Brueggemann traces this Sabbath inclusivity back to the time of exodus when the Israelites along with “other kinds” of people left the slavery and oppression of Egypt and its pyramid-structured society with the god-like Pharaoh at the top and slaves and other people without value at the bottom.
Those at the bottom of the pyramid suffered greatly because of the anxiety of the Pharaoh who feared a famine. Pharaoh’s fear was not that the people in Egypt would suffer from starvation, but that a famine would threaten his god-status and show that he was weak and unable to prevent it. A god could not allow a famine to happen, therefore everyone else had to work, work, work to produce a surplus and build structures to hold the surplus. There was no rest because there could never be enough, and there was no regard for neighbor because the system required total focus on anxiety-driven productivity.
In the exodus, God led the people to the wilderness away from a system that knew no rest and gave them a command to observe the Sabbath. This was not anything they had experienced. Rest, come to a restful place in God? All they had known was work and it was a difficult adjustment, and one that we can relate to today.
“Remember you were once slaves in Egypt” was a frequent reminder spoken through the prophets when God commanded Sabbath observance and other socially inclusive directives. God reminded them and reminds us through scripture today that our faith-heritage is one of being victims of an unjust, oppressive system. Remember where you came from, and by extension, you must have mercy on those who also suffer from broken systems.
Do you see how justice is connected with Sabbath rest? Until all observe Sabbath, there is no justice. Until there is justice, there is no true Sabbath rest.
Brueggemann uses the term “restfulness of neighborliness.” Sabbath is a way of ceasing to engage in broken systems so that “neighborly engagement…defines our lives.” (Ibid., 18)

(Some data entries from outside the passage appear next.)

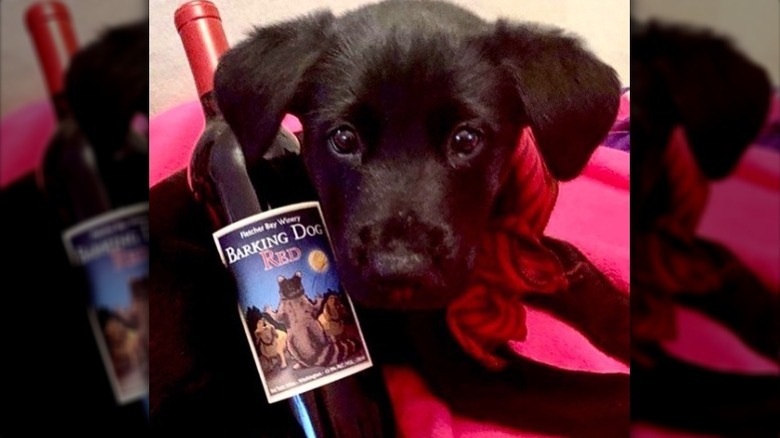 red wine blend with puppy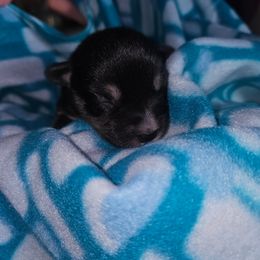 Prince Charming - Black and tan male Companion Cross puppy in Decatur, Illinois from We R Puppies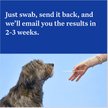 Show in main carousel: Wisdom Panel Essential Breed Identification DNA Test for Dogs slide 5 of 8
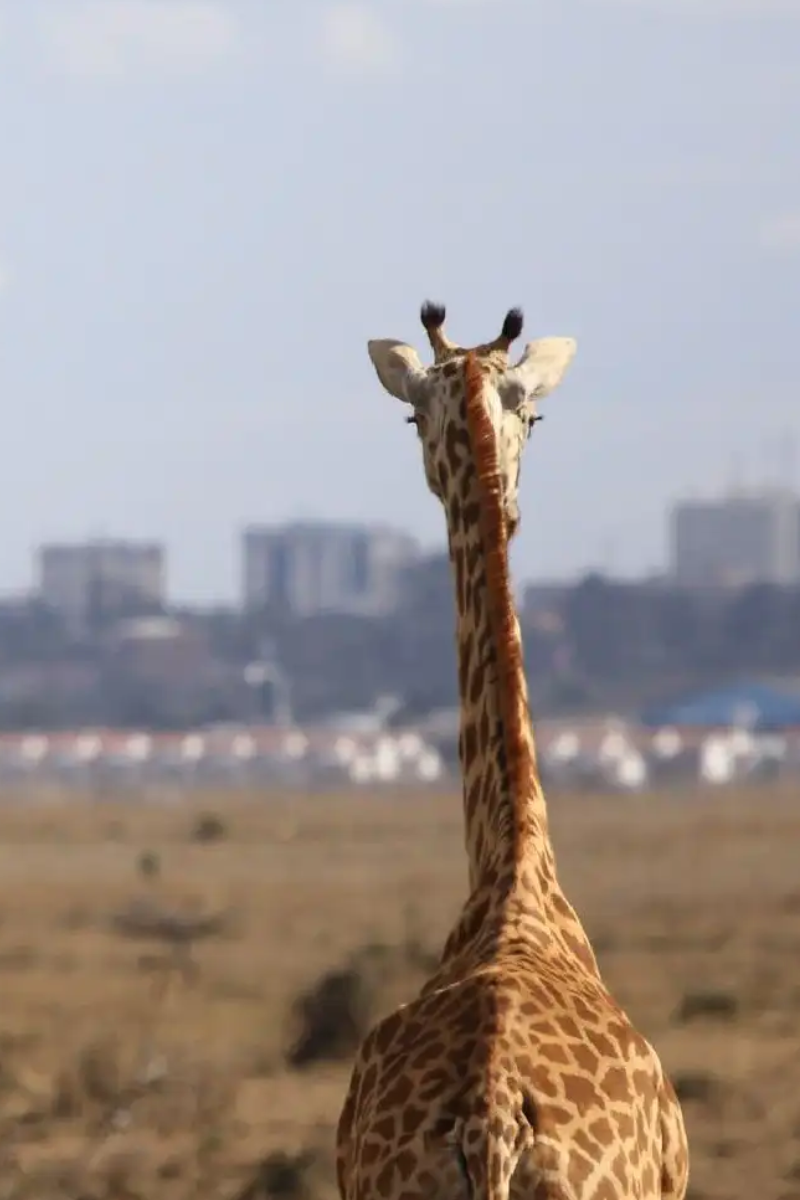 Nairobi National Park – Half-Day Safari Tours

“Sabbath is not simply a pause. It is an occasion for reimagining all of social life away from coercion and competition to compassionate solidarity.” p.45
Brueggemann says that Sabbath is an act of worship, and “worship that does not lead to neighborly compassion and justice cannot be faithful worship of YHWH” (Ibid., 64 )– a reference to Isaiah 58: 1-7 ( “…is not this the fast that I choose: to loose the bonds of injustice…”).
“Sabbath is the regular, disciplined, visible, concrete yes to the neighborly reality of the community beloved by God.” (Ibid., 87)

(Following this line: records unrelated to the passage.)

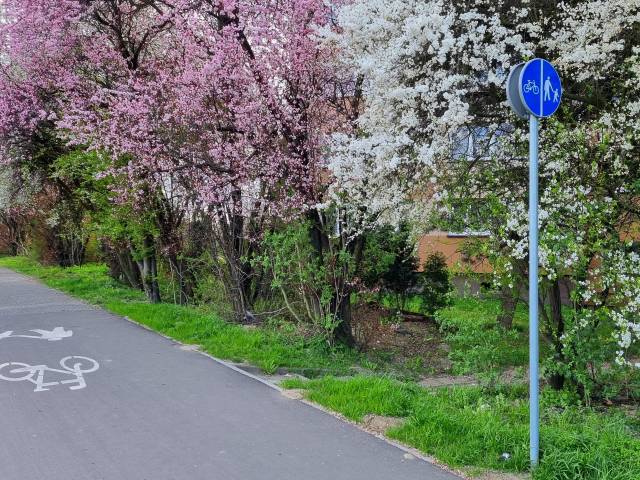 Nowe ścieżki dla rowerzystów i pieszych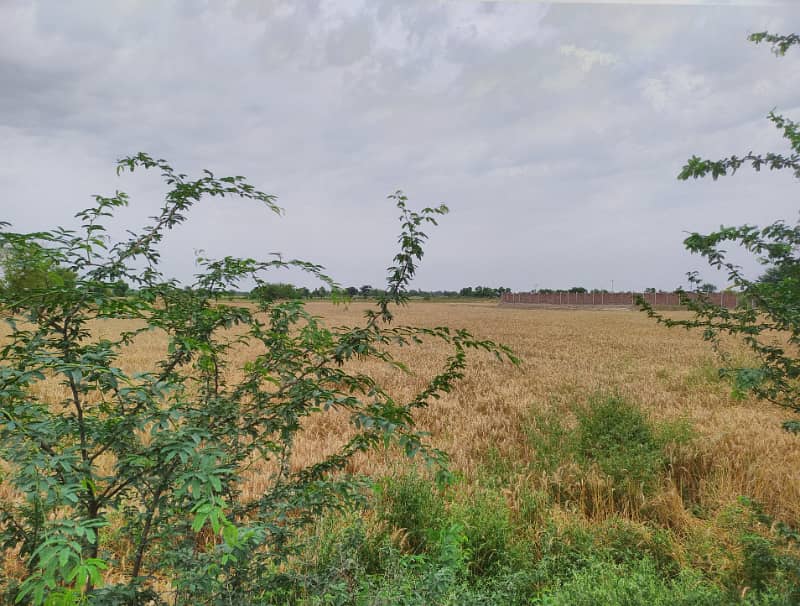 25 Acre Fully Agriculture Land For Sale 1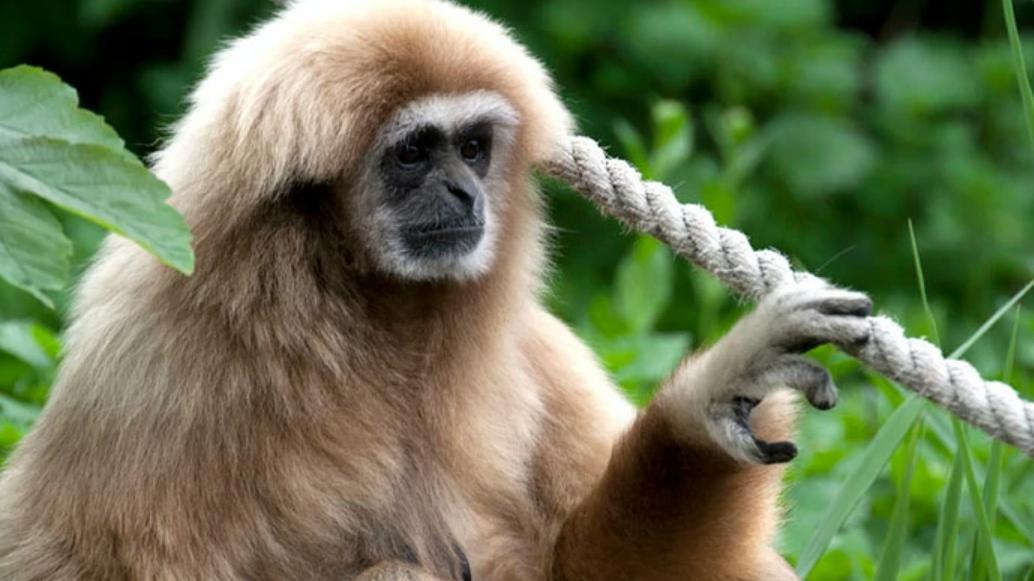 2022年咋了？又有两种长臂猿宣布野外灭绝，人类为何要保护生物？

Last night after I had written the above, we watched a short program on public TV about Congressman John Lewis and his “March” graphic novels. The program was part of a recording made when Lewis had been at the Flynn Theater in Burlington last November. It concluded with Lewis saying that we all live in the same household and must learn to live as brothers and sisters — together we can create the beloved community.
I immediately heard the connection to Dr. Brueggmann’s Sabbath: On the seventh day, God rested and we as members of the household of God, God’s sons and daughters — brothers and sisters — must also rest as God’s beloved community.
And so, Peace with Justice Sunday comes on a Sunday in June that was set long ago. This year, it falls on a day when we have been witnessing the gatherings of masses of people who suffer from broken and unjust systems and those who stand in solidarity with them, many carrying signs, “Without Justice, No Peace.” People claiming neighborliness. Love thy neighbor-liness. We must claim this neighborhood of beloved community so that justice will prevail and all may find the Sabbath restfulness of God.
Finally, brothers and sisters, farewell. Put things in order, listen to my appeal, agree with one another, live in peace; and the God of love and peace will be with you. Greet one another with a holy kiss. All the saints greet you. The grace of the Lord Jesus Christ, the love of God, and the communion of the Holy Spirit be with all of you.
2 Corinthians 13:11-13
~ Evie Doyon, June 6, 2020
[1] Walter Brueggemann, Sabbath as Resistance: Saying No to the Culture of Now (Louisville KY:WestminsterJohn Knox Press, ©2014).